Ardından ise Anayasa Hukuk Araştırma Derneği, Tarım Orkam-Sen, TGS, TİP, Adana Barosu, Balıkesir Barosu, Eskişehir Barosu, İzmir Barosu, Manisa Barosu, İKK, İYİ Parti temsilcisi kadınlar açıklamalarda bulunarak İstanbul Sözleşmesi’nden vazgeçmeyeceklerini belirtti.
İlk olarak duruşmaya katılmayan başvurucu Akşener’in yerine avukatları beyanlarda bulundu.
TGS: Şiddet haberleri bitmeden mücadelemiz bitmeyecek
Sonrasında TGS Kadın ve LGBTİ+ Komisyonu adına Ayşe Banu Tuna söz aldı. Tuna, “Hem kadın hem gazeteciyiz. Bugün Türkiye’de hem kadınlık hem de gazetecilik tehdit altında. Kadın cinayetlerinin tıpkı ekonomi gibi uzmanlık gerektiren bir alan olmasını istemiyoruz. Kadına yönelik şiddet haberleri bitmeden mücadelemiz de bitmeyecek” dedi.
‘Devlet artık kadınları ve çocukları korumayacağım diyor’
Ardından söz alan TGS avukatı Ülkü Şahin, Türkiye’de kadın gazeteci olmanın zorluklarına değinerek, “Gazetelerde okuduğumuz haberleri yapan gazetecilerdir. Pınar Gültekin’in fotoğrafını ilk görenlerdir. Kırıkkale’de öldürülen Emine Bulut’un videosunu ilk izleyenlerdir. Bu faillerin ailelerinden aldıkları tehditlerle boğuşanlardır. Başak Cengiz’in ölüm anını filtresiz bir şekilde izleyen kadın bir gazeteci, sokakta nasıl güvende yürüyebilir. Gazetecilik ve kadınlar saldırı altıdayken, gazeteci kadınların halini siz düşünün. TGS’nin bir anket araştırmasına göre, gazeteci kadınlar iş yerinde ve haber takibinde birçok erkek tarafından şiddet görüyor. Sırf kadın olmalarından dolayı kolluk güçlerince cinsel saldırı tehditleri alıyorlar. Daha çok çalışmalarına karşın erkek meslektaşlarından daha az maaş alıyor, iş yerinde iş bölümü cinsiyetleri üzerinden yapılıyor. Daha çok magazinel haberlere yönlendiriyorlar. Sözleşmede, tüm şiddet biçimlerine karşın düzenlemeler yapılmıştır. Sözleşmeyi feshetmeye yönelik niyet beyanı kritiktir. Devlet diyor ki: ‘Ben artık kadınları çocukları korumayacağım.’ Anayasa’nın 104’üncü maddesi uyarında bu tür anlaşmaların Cumhurbaşkanlığı Kararnamesi ile feshedilmesi mümkün değildir” diye belirtti.

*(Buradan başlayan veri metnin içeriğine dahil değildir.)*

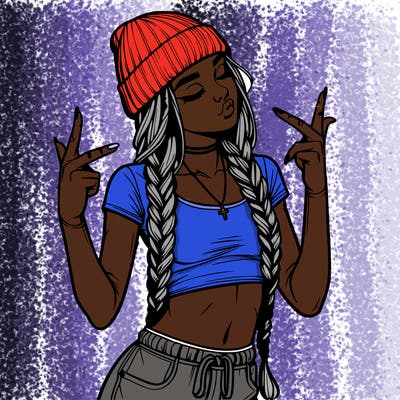 realistic teenage girl with braids and a beanie and crop top doing 🫶🏼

Fesih kararının Anayasa’ya aykırı olduğunu vurgulayan avukat Selin Nakıpoğlu da, “İstanbul Sözleşmesi hiçbir zaman tam anlamıyla uygulanmamıştır. Devletin kendi sorumluluğunu yerine getirmemesi nedeniyle kanunlar uygulanmıyor. Bu nedenle de ‘Uygulanmayan kanunlar işlevsizdir’ diyerek, sözleşme feshediliyor. Aklımızla dalga mı geçiyorsunuz. Sözleşme doğrudan kadına, çocuğa ve LGBTİ+’lara yönelik şiddeti bahanelerle meşrulaştırmasının önünde bir engel. İstanbul Sözleşmesi yaşatır, vazgeçmiyoruz” dedi.
Napıkoğlu’nun konuşmasını alkışlayan kadınlar, sözleşmeden vazgeçmeyeceklerini haykırdı.
TİP’in dava ehliyeti
Sonrasında davacı Türkiye İşçi Partisi (TİP) adına söz alan avukat Yelda Koçak, kararın esastan reddini talep ederek, şöyle dedi: “Kadına yönelik şiddeti önleyici politikalar yürütmek müvekkil partimin görevidir. TİP, bu sözleşme sayesinde hakları korunan kadınlar tarafından kurulmuştur. Bu sözleşme kadın hareketinin bir kazanımıdır. Her yerde ‘Kadın cinayetleri politiktir’ diyoruz. Politikanın özneleri kimlerdir? Siyasi partilerdir. Bu nedenle buradan ‘TİP’in dava ehliyeti yoktur’ kararı çıkamaz.”
‘Çok taraflı sözleşmede fesih olmaz’
Türkiye Gazeteciler Sendikası (TGS) adına savunma yapan avukat Hülya Gülbahar’sa şöyle konuştu: “Kadına karşı şiddetin sistemsel, politik ve hukuksal olduğunu anlatmaya çalışıyoruz. Cumhurbaşkanının savunmanı sürekli olarak ‘fesih’ kelimesinden bahsediyor. Savunman sürekli İngilizce ve Fransızca kelimelerle yabancı dil kültürünün iyi olduğunu göstermeye çalışıyor. Kendisini ayıplıyorum. Çünkü biz de o kadar İngilizce biliyoruz. Neden kavram kargaşası yaratılıyor, uzatılıyor? Anayasa’nın 90’ıncı maddesi çok açık. Çok taraflı sözleşmelerde fesih olamaz.”
‘Kendisi bizlere sürtük diyor ama’
Duruşmada, TİP Sözcüsü ve İstanbul Milletvekili Sera Kadıgil’le mahkeme başkanı arasında ‘sürtük’ tartışması da çıktı.
“Bir parlamento mensubu olarak şunu ifade etmek istedim. İstanbul Sözleşmesi önümüze geldiğinde tüm milletvekilleri olarak sözleşmenin oy birliği ile kabul edilmesi gerektiğine karar verdik. Usul ve yetkide paralellik ilkesi gereği, bu sözleşmeden tek bir herifin lafı ile çıkabileceğimizi sanmıyorum” diyen Kadıgil’e mahkeme başkanı “Sayın cumhurbaşkanın şahsına söz söylemeyelim” yanıtını verdi.
Kadıgil de bunun üzerine “Kendisi bizlere sürtük diyor ama” diye konuştu.
Kadıgil’in bu sözleri salonda uzun süre alkışlandı.